The WRB brought in 982 refugees, mostly Jews who snuck into Italy, and were taken to a camp in Oswego New York. This new board also played a major role in saving thousands of Jews from Hungary. When Adolf Eichmann arrived to impose the final solution there, the WRB sent in Raoul Wallenberg under Swedish diplomatic cover. The WRB also arranged for air-leaflet drops reminding those in the process of committing these war crimes that they would be prosecuted as war criminals as Roosevelt, Churchill and Stalin all agreed in December of 1942. This helped save some of the Hungarian Jews but still many thousands were transported to Auschwitz where they were exterminated.

Auschwitz was the largest and most efficient of all of the camps. The complex and its sub-camps killed over one million people between 1940 and 1945 alone. So why didn’t Roosevelt send planes over this horrifying place and just bomb it? American surveillance planes had flown above it in 1944 and had sent photos back for the government to see but still no attempts were made to silence it's operation. Its important to keep in mind that the Germans also held over 200,000 British and American prisoners of war throughout camps in Germany and there was never any mention of saving these men either. The quickest way to save all prisoners of any kind, in the minds of many war officials, was to end the war and end Hitler.

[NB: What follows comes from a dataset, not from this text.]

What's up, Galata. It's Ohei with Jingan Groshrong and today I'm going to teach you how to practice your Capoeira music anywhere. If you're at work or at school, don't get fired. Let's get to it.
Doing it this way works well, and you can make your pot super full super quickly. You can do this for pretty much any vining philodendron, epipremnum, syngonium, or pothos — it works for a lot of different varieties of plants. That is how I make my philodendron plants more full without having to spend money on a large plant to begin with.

As soon as reports started flowing in of the rapid pace deporting and killing of Hungarian Jews, there were ideas floating around Washington concerning the bombing of Auschwitz. However, these ideas never seemed to go very far, most Jewish groups said no to the idea, not wanting to be responsible for the deaths of any Jews. The World Jewish Congress did not approve of it either, saying "the destruction of the death installations cannot be done from bombing from the air, as the first victims would be the Jews who are gathered in these camps, and such a bombing would be a welcome pretext for the Germans to assert that their Jewish victims have been massacred not by their killers, but by the Allied bombings." It seems likely that since most Jewish leaders never wanted the bombings of these camps, that FDR was never even informed of the idea.

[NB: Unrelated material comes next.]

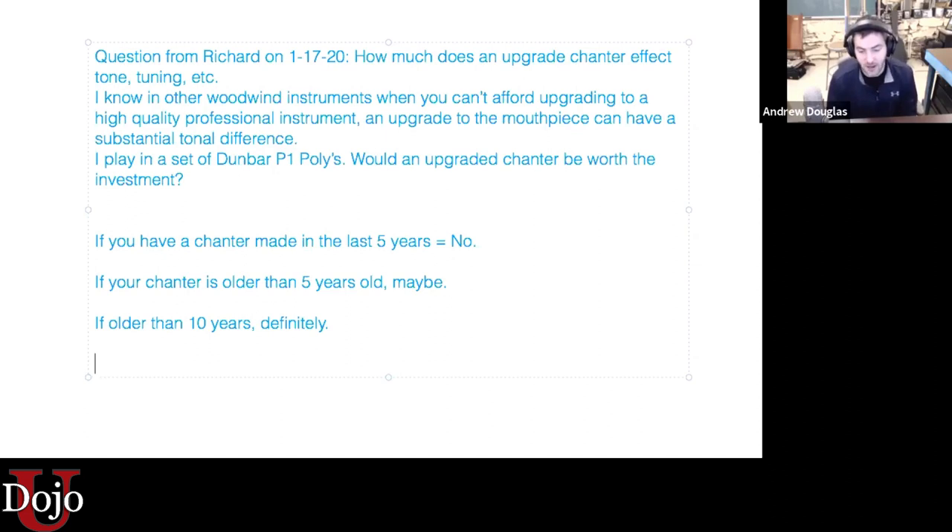Reeds are made for modern chanters, and older ones are designed for lower pitch and aren't as advanced in terms of all the data points that chanter makers use now. So to simplify: if your chanter is made in the last five years, it won't make any difference. If it's between five and 10 years old, maybe. And if it's older than 10 years, definitely upgrade.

FDR had promised his Jewish friends back in 1944 that he would try to develop a Jewish State once things had been settled and even in the final months of his life and in failing health, he tried to stay true to his word. On his way back from Yalta, in February of 1945 he stopped to talk with King Ibn Saud of Saudi Arabia. He was hoping to convince the King to allow the Jewish refugees some space in Palestine but the King informed Roosevelt of his own people's feelings on the Jews and that it would not be possible, insisting instead that the land in Germany should be taken from the Nazis who have committed the crimes and given to the Jews. The two leaders battled back and forth but in the end Roosevelt could not win over Saud and had to return back to America empty handed with the great disappointment of knowing he could not keep his promise.

If Roosevelt did not care for the Jews as many of his critics believe, then why would he go out of his way to try to specifically help the Jews in finding a new homeland? He did not have to even bother with such a task in his final painful days of life but he did. He did not have to listen to his Jewish friends like Morgenthau about the Jews of Europe who had nothing to do with his own country and his own peoples problems and yet he did and it obviously weighed heavy on his mind. As Roosevelt said in a statement in March of 1944, "this government will use all means at its command to aid the escape of all intended victims of the Nazi and Japanese executioner, regardless of race, religion or color." He did his best in times and circumstances there were unlike any other. In the end, people should be judged, not by what they didn't do but what they did.